A cavallo tra storia collettiva e memoria personale, i film di Guzmán rendono palpabile ciò che scrisse Jean-Luc Godard in un suo pezzo su Pierrot Le Fou a proposito del cinema come esperienza fisica caratterizzata da un doppio movimento che ci proietta verso l’esterno e, contemporaneamente, ci porta nel più profondo di noi stessi. Nel corso del tempo, infatti, il regista originario di Santiago del Cile (1941), ma esiliatosi prima in Spagna e poi in Francia durante la dittatura del generale Pinochet, ha saputo dare forma a un linguaggio cinematografico in cui la spinta civile, il rigore della ricerca e della documentazione, la polifonia delle testimonianze incontrano il vissuto singolare del cineasta trovando una forma del tutto originale. Luoghi, immagini, storie, emozioni si intrecciano in connessioni originali dal portato conoscitivo profondo.
Appassionato di fantascienza e astronomia, da ragazzo Patricio Guzmán soffre il clima di un paese in cui non vede all’orizzonte prospettive di crescita culturale e così nel 1966 si trasferisce in Spagna per studiare cinema. Nonostante il franchismo, alla Scuola ufficiale di cinematografia di Madrid, dove viene ammesso, ha la possibilità di vedere moltissimi film e di maturare. Realizza alcuni corti, scrive e ha nel cassetto vari progetti a soggetto ma il caso e la Storia lo destineranno al documentario. Nel 1969 muore la madre e lui torna in Cile trovando un clima mutato sia culturalmente sia politicamente, un’effervescenza che lo convince a rimpatriare con moglie e figlia. Sono anni in cui il Cile attrae interesse dall’estero: arrivano Roberto Rossellini, Louis Malle, Costa Gavras per vedere con i propri occhi le trasformazioni che in una manciata di anni investono il paese. Guzmán decide così di dare il proprio contributo alla politica culturale dell’Unidad Popular che ritiene la settima arte fondamentale per testimoniare e partecipare al progetto politico della coalizione e ai cambiamenti sociali in atto. Lavora nella pubblicità, collabora con le attività didattiche del dipartimento di cinema dell’Università cattolica di Santiago, partecipa agli Ateliers della società di produzione ChileFilms per un cinema dell’Unidad Popular e decide di usare la macchina da presa per osservare quel che accade. Guzmán si fa osservatore partecipante, e il cinema diventa anche un modo per riscoprire il Cile dopo anni passati in Europa.

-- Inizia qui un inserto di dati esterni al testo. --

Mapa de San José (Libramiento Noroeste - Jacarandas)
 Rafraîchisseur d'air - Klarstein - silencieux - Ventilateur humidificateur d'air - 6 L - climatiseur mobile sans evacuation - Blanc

Con una piccola troupe di giovanissimi e l’appoggio produttivo dell’università, nel maggio del 1971 inizia a realizzare quello che sarà El Primer Año, un film in presa diretta sul tentativo rivoluzionario in corso e dal suo interno, in cui il cinema partecipa alla trasformazione politica del paese. Nasce un’opera che avrà un’ampia circolazione internazionale grazie innanzitutto all’impegno di Chris Marker e al collettivo SLON (Société pour le lancement des oeuvres nouvelles, ma anche in russo “elefante”). A quest’opera seguirà l’anno seguente La Respuesta de Octubre che documenta la crisi sociale di un paese sull’orlo di una guerra civile, le cui trasformazioni sono così rapide e caotiche che, come l’autore scriverà a Marker in una lettera del 1972: “qualsiasi sceneggiatura, qualsiasi idea, qualsiasi tema, per quanto attuale, viene completamente superato dalla realtà”. Le proiezioni di questi film li trasformano in oggetto dialettico che alimentano il dibattito e il confronto in un paese inquieto. A fine febbraio 1973, grazie al sostegno, ancora una volta, di Marker, inizia la lavorazione di quello che più tardi diventerà La Batalla de Chile (una trilogia composta da: La insurrection de la burguesia, El golpe de estado, El poder popular), esempio di un cinéma direct che filma la Storia nel suo farsi. In quegli anni, della troupe di collaboratori fa parte l’operatore Jorge Müller Silva che nel novembre 1974 sarà sequestrato dalla polizia militare di regime e fatto sparire. Le condizioni di produzione del film sono difficili, la tensione politica cresce e la troupe deve nascondere il girato in un posto sicuro e segreto: la casa dello zio di Guzmán, Ignacio. La vicenda è rievocata dallo stesso zio in Chile, la memoria obstinada (1997).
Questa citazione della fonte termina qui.